By P. Matsiko wa Mucoori

I am now under no illusion that no political party is immune to internal intrigue. The only difference perhaps is in the scope. The opposition used to laugh at NRM when infighting was, or is it still, threatening to tear the party apart.

Before they recovered from their celebrations, the FDC’s backyard was on fire, ignited by the party’s former special envoy Beti Kamya. Then everybody at the party headquarters seemed to get involved in the fire-fighting. At the height of this Kamya-FDC cat and rat game in January, I was loathing with rage why the party was wasting a lot of valuable time on a member that had intentionally decided to fall on the wayside, instead of devoting itself to addressing other critical issues ahead of the 2011 showdown.

Kamya resigned her job as Special Envoy in the party president’s office in October last year after the FDC refused to yield to her demands that a Muganda succeeds the late Sulaiman Kiggundu, who was the party’s national chairman. She however tactfully declined to defect from the party because this would require her to relinquish the Lubaga North parliamentary seat and seek re-election on another party ticket which she sufficiently knew would be hard for her to win.

But the party has now done the right thing'”barring Kamya from representing FDC or speaking on its behalf at any forum. But this is something the party should have done earlier. I wonder why it took too long for the party to reach this decision. On several occasions, she refused to appear before the party’s disciplinary committee for questioning. When she finally did on January 12, she came with a group of supporters and a fight ensued between them and FDC loyalists. The party headquarters was paralysed for hours and work virtually grounded to a halt. I had failed to understand why FDC was so bent on disciplining Kamya. You discipline a member who is still interested in the party. I doubt whether Kamya is. My honest belief is that she is only technically in FDC to avoid losing her parliamentary seat, but in heart and soul she is somewhere else. A person who is still in the party cannot be seen at public functions of another party dressed in its official colours.

The Banyankore say: Akanyatsi kamwe karuga aha nju teritura (when one grass falls off a roof, the house cannot leak). But I am also aware that the roof is made of thousands of single grasses. Therefore, if one grass keeps going off, eventually the roof will be depleted and the house will start leaking.
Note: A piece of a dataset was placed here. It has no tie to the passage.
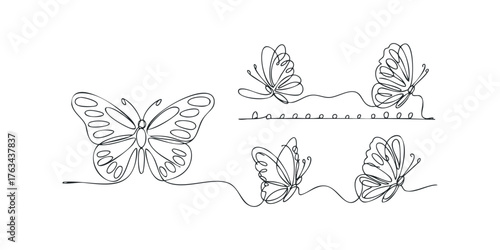 Minimalist line art of butterflies in flight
However if the fall-off of that one grass cannot cause a chain fall-off of other grasses, why cling to it? You can let it fall off and the roof remains intact. I do not think that the cause which made Kamya’s fallout with FDC would make others follow suit. This school of thought has been vindicated by what has happened after the FDC decided to say enough is enough with Kamya, one of its most articulate and vocal members but on whose honesty you cannot dare bet your head. The FDC has remained intact and everything has gone quiet at Najjanankumbi as if there has never been a fracas before.

I don’t think Kamya commands a reasonable number of followers in FDC who believe that tribe and region should be the parameters for ascending to political positions.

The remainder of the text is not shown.